I’ve collected prints, from etchings to engravings and woodcuts to lithographs, since I was a schoolboy. I always look at them when I’m out buying, not that I need any more, but – you know, just in case. Browsing the excellent Risby Barns antiques centres near Bury, I chanced upon this charming, chunkily framed portrait etching. The etching is tiny, being only 3.5cm in diameter. I rather liked this grand looking Georgian peering out at me from across the centuries.
The back was covered with aged and glue-stained pasted paper, with a roughly cut label reading ‘Mr Nathaniel Hillier‘. Who was he? A bit of judicious searching online revealed that Nathaniel Hillier (1707-83) was a Georgian collector of, and dealer in, prints and drawings. According to a record in the British Museum, his catalogue stated that all his prints and drawings were “mounted on double or triple cartoons, ruled with lines, washt to the tint of the drawing, and gilt with the finest gold.” Impressive!
However, a book called ‘Book For A Rainy Day Or Recollections of the Events of the Years 1766-1833‘ written by John Thomas Smith in 1905 states that his prints “…were well selected as to impression, but much deteriorated in value by Mr. Hillier’s attachment to strong coffee, with which he had stained them. It has been acknowledged by one of the family that, what with the expense of staining, mounting, and ruling, his collection only brought them one-fifth of the cost of the prints in the first instance.” Not so impressive! But, staining works on paper with coffee wasn’t an uncommon practise at the time.
Smith continued “Mr. Hillier, I believe, was of the same family as the late Nathaniel Hillier of Stoke, near Guildford, one of whose daughters married Colonel Onslow. He was a most extensive collector of engravings, and his cabinets contained numerous rarities, but he spoiled all his prints by staining them with coffee, to produce, as he thought, a mellow tint, but by which process he not only deprived most of them of their pristine brilliancy, but rendered their sale considerably less productive.” A good family, but not such a good dealer! After his death in 1783, Hillier’s stock and collection were sold by Christie’s, but I can’t find any reports on how they did.
Smith also goes on to state that “The earliest engraved portraits of Dr. Johnson exhibit a wig with five rows of curls, commonly called “a story wig.” Among the old dandies of this description of wig we may class …. So was that worn by Mr. Nathaniel Hillier, an extensive print-collector, as is represented in an engraved portrait of that gentleman.” So my engraving is known. And he was considered a dandy! I also found that an example was sold as part of lot 465 from the collection of the Late Mark Mastermind Sykes, at S. Sotheby on 24th June 1824.

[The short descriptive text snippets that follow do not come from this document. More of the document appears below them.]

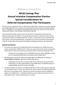 401(k) Savings Plan Annual Incentive Compensation Election Special Considerations for Deferred Compensation Plan Participants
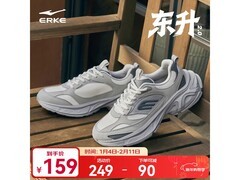 鸿星尔克极风4男跑鞋149元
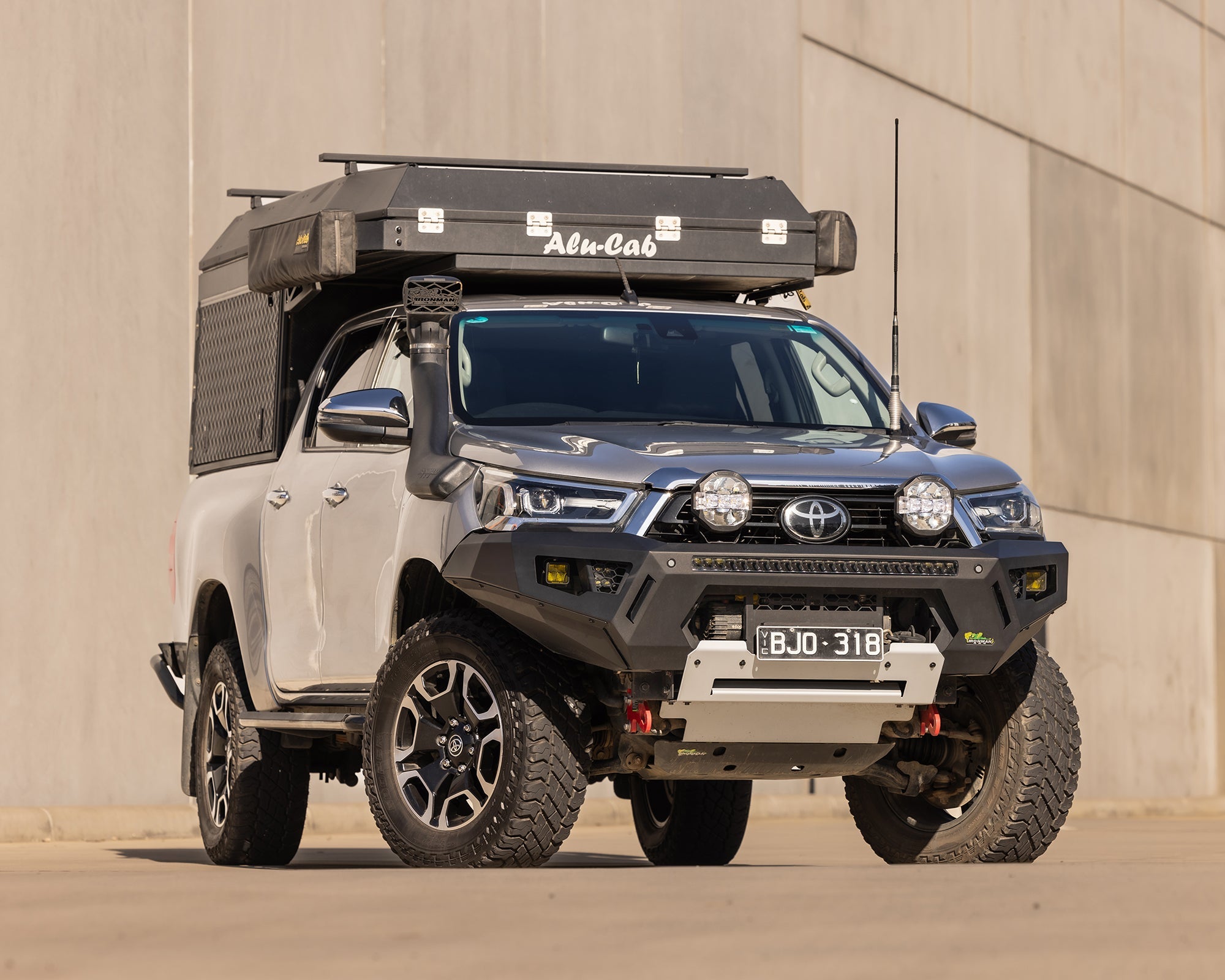 Raid Bull Bar & Lights Kit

So on to the etching itself. The British Museum holds the only other copy I can find and the image of it online shows that the portrait roundel was above the name on a sheet of paper measuring roughly 15cm by 10cm. So my example had been cut down before being framed. It was engraved and printed in 1784 by Thomas Trotter (1756-1803), a painter and printmaker who attended the Royal Academy Schools from 1779. He studied under the visionary artist William Blake and became notable in his day for his engravings of paintings by Sir Joshua Reynolds. He also left behind 71 portraits that we know about.
It may be ‘cut down’ (a big no-no in the print world) and mottled and stained by over two centuries of time, but my etching is almost certainly extremely rare. I can’t believe that, given the subject matter and his reputation, many were printed – let alone kept. I love how it is framed, almost in an ‘in memoriam’ manner. I also love this little peek into the ‘expertise’ (or foolhardiness, perhaps?) and business of a Georgian print dealer. I shall now hang him on a wall opposite part of my print collection, so that he can see them. I wonder what he would have thought?